Esta comparação “é uma falácia”, reage o presidente da Associação Portuguesa de Hospitalização privada, Artur Osório. “Uma coisa é trabalhar à peça, outra é trabalhar por grosso. Temos uma tabela privada pura, mas só 3% das pessoas é que pagam esses preços, depois temos tabelas impostas pelos subsistemas de saúde [como a ADSE], o Estado e as seguradoras e esses preços são muito mais baratos. Quase não temos clientes privados puros”, justifica. Artur Osório que sustenta ainda que os preços que "o Estado paga aos hospitais públicos são superiores aos desta tabela".

Os autores do parecer da ERS também notam que os preços observados no sector privado “podem ser diminuídos numa estratégia competitiva de redução de preços, não sendo de todo claro se tal margem existe nos preços das tabelas do SNS”. Alertam ainda que há um factor que pode justificar as diferenças tão significativas encontradas. No sector público, os preços estão tabelados por grupo de diagnóstico homogéneo (GDH), um sistema de classificação de episódios agudos de doenças, e não é possível perceber se estes GDH acompanharam a evolução dos custos suportados pelos hospitais ao longo dos anos.

O exemplo dos partos é paradigmático: um parto vaginal sem complicações tinha em 2003 um preço de 920,92 euros no SNS, valor que subiu 3% até 2009 para em 2013 cair 69%  (para 292,46 euros). Este ano ainda diminuiu mais 1%.

Oportunidades e riscos 
Mas o objectivo principal na base deste pedido de parecer era o de perceber se fará sentido reduzir os preços no SNS, face à nova realidade decorrente da directiva transfronteiriça dos cuidados de saúde (que permite aos cidadãos da UE tratarem-se noutro Estado-membro, dentro de certas condições). A portaria que define a actual tabela de preços do SNS, de Janeiro passado, estabelece que os hospitais públicos podem cobrar valores diferentes quando prestem serviços a entidades de outros Estados, no âmbito de contratos específicos.

A flexibilização de preços dos hospitais do SNS gera oportunidades mas acarreta riscos que importa acautelar, avisam os autores do parecer.
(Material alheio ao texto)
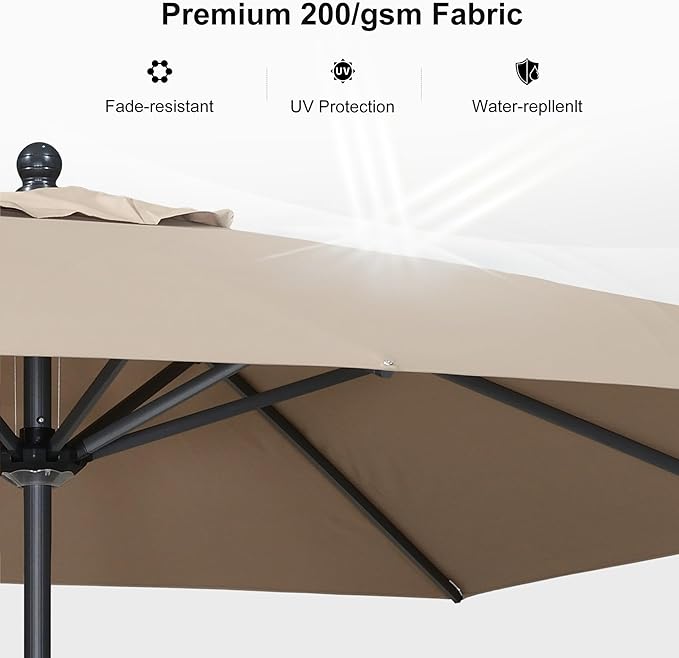 PURPLE LEAF 10' x 10' Square Patio Umbrella Outdoor Table Umbrella Aluminum Frame Market Umbrella Sun Umbrella with 8 Sturdy Ribs for Garden Deck Lawn Pool Taupe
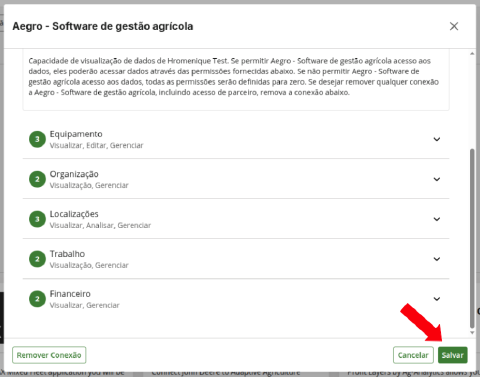 Botão Salvar para aplicar as configurações de acesso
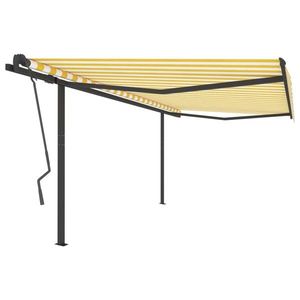 vidaXL Copertină retractabilă manual cu stâlpi, galben & alb, 4x3, 5 m imagine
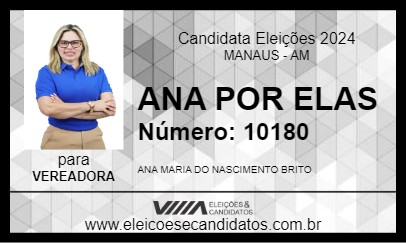 Candidato ANA POR ELAS 2024 - MANAUS - Eleições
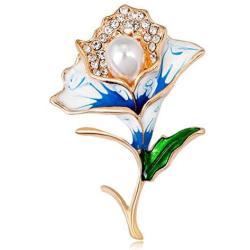 TULIP LY Beautiful Enamel Crystal Flower Lily Brooch Pearl Brooch Pins Elegant Gold Tone Flower Brooches Colorful Intertwining Flower Plant Fashion Pin Brooch Safty Shawl Pin Clip for Wedding Banquet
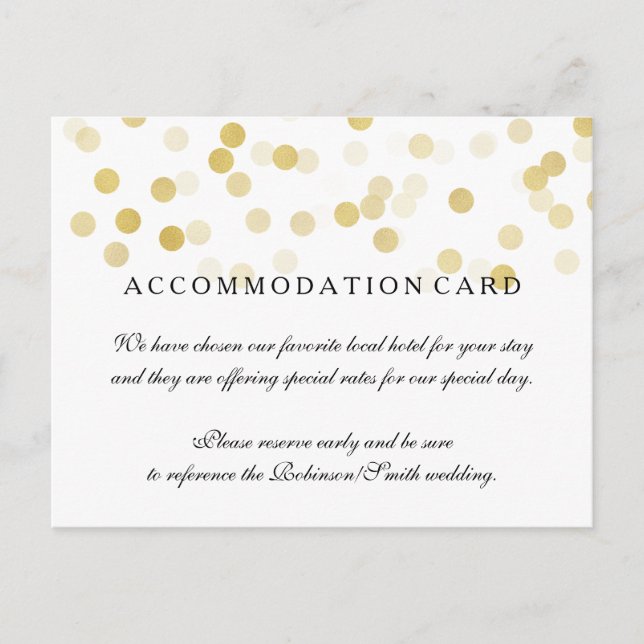 Elegant Accommodation Gold Foil Glitter Lights Postcard (Front)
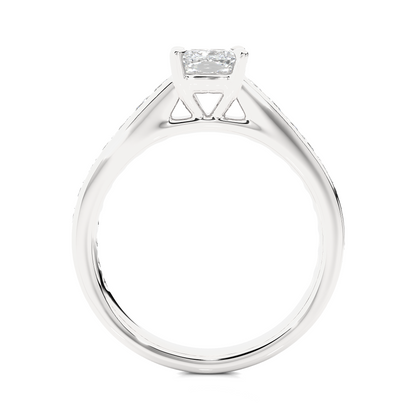 2.12 CT Cushion & Round Cut Lab Grown Diamond Accent Stone in 14k Gold Perfect Gift for Anyone Diamond Ring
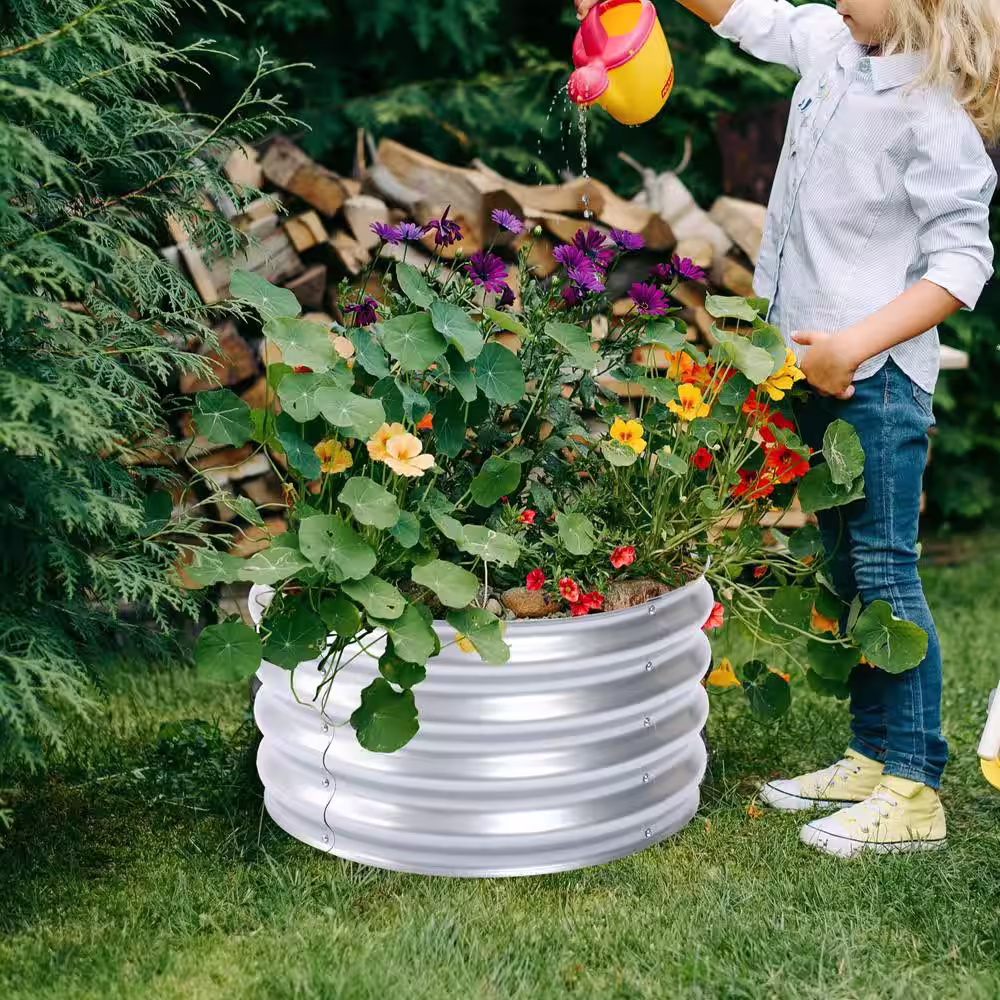 None 24 in. Round Galvanized Steel Raised Garden Bed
Há oportunidades, como por exemplo o aumento do rendimento, que contribuirá para o equilíbrio financeiro dos hospitais, e a melhor utilização da capacidade instalada em áreas onde possa existir algum subaproveitamento.
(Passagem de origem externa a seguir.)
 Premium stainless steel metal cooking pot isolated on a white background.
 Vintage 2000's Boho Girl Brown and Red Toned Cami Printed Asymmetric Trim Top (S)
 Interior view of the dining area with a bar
No entanto, tendo em conta as características especiais do serviços de saúde, a redução de preços terá um impacto concorrencial limitado pela probabilidade de as pessoas interpretarem a redução como uma diminuição da qualidade dos serviços, alertam.  Reduções relevantes no nível dos preços dos hospitais do SNS podem mesmo ter um efeito perverso porque, ao acarretarem o risco de afectar a reputação desses estabelecimentos, podem conduzir a uma diminuição da procura, concluem.

A atracção de utentes pela redução de preços é possível, mas este objectivo “será provavelmente mais bem alcançado com a exploração de outras variáveis concorrenciais”, aconselham.

O presidente da Associação Portuguesa de Hospitalização Privada considera que a conclusão de que a redução do preço pode levar à diminuição da procura é “um bocado ridícula”. “Os preços devem ser os preços justos”, diz Artur Osório, para quem o SNS deveria ter “uma tabela de preços real” para ter condições para estar “no mercado”.